I agree with you. ARM uC from Freescale are of nearly same price of AVR, for similar features.
SRAM is very limited in any 8-bit uC, but not so in ARM basic uC such as cortex m0+. Means, I can write for better and complex application without worrying much about RAM/flash usage. Segger Jlink is fantastic debugging tool for ARM uC. All it needs is spending some time in working with ARM.
Just migrated to STM32 too. What I can add:
Pros:
1. Peripherals which you won’t find on AVR, such as RTC, DAC, DMA, random number generator, etc;
2. Timers. There are lots of them, not 2-3 like in case of AVR.
Also , they’re so much better and easier to use, you can have any prescaler you want and and any count number, not the fixed AVR bullshit.
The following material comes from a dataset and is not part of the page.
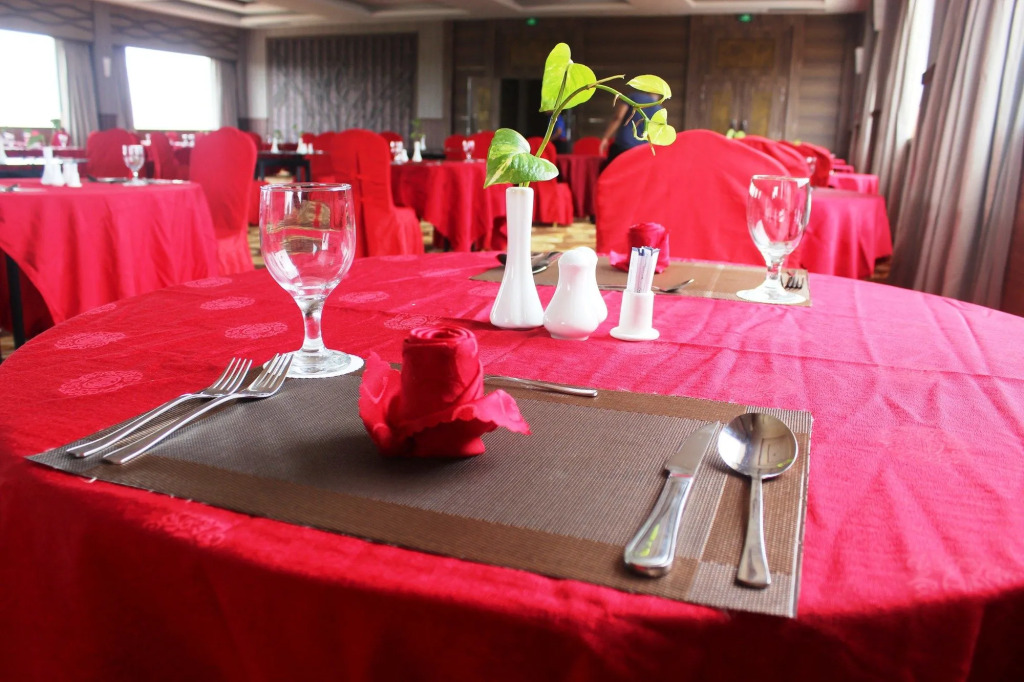 The Golden Bay Hotel Batam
Also, timers here have lots of cool features, such as dead time generation, hardware encoder driver, etc. And there are lots of outputs, like 4 PWMs per timer is a regular thing;
3. SWD and hardware debugging. Yup, you can do it here without a problem.
On AVR I used software breakpoints and UART, which kinda worked, but hardware debugger is so much better;
Cons:
1. It was VERY hard to migrate from AVRs. I spent around a year just hanging around with thoughts about using more advanced MCUs. Why it was that hard? Because on ARM you lose tons of stuff you take for granted on 8-bit MCUs. Delay lib for example, there is no such thing, you have to use SysTic timer, which isnt an easy thing when you don’t know a thing about your new uC. The other libraries, like HD44780 driver, you have to write your own.
No code generator. I used CodevisionAVR and for me it was a shock not to have one here.
Yeah, CubeMX and stuff, but it’s totally sucks. Also, it won’t be easy to use SPL library the first time.
2. Not a lot of tutorials on the net. But since AVR is produced since 1996 and STM32 began more or less popular only recently – that’s not surprising. Any way, it’s possible to start, which is more than enough.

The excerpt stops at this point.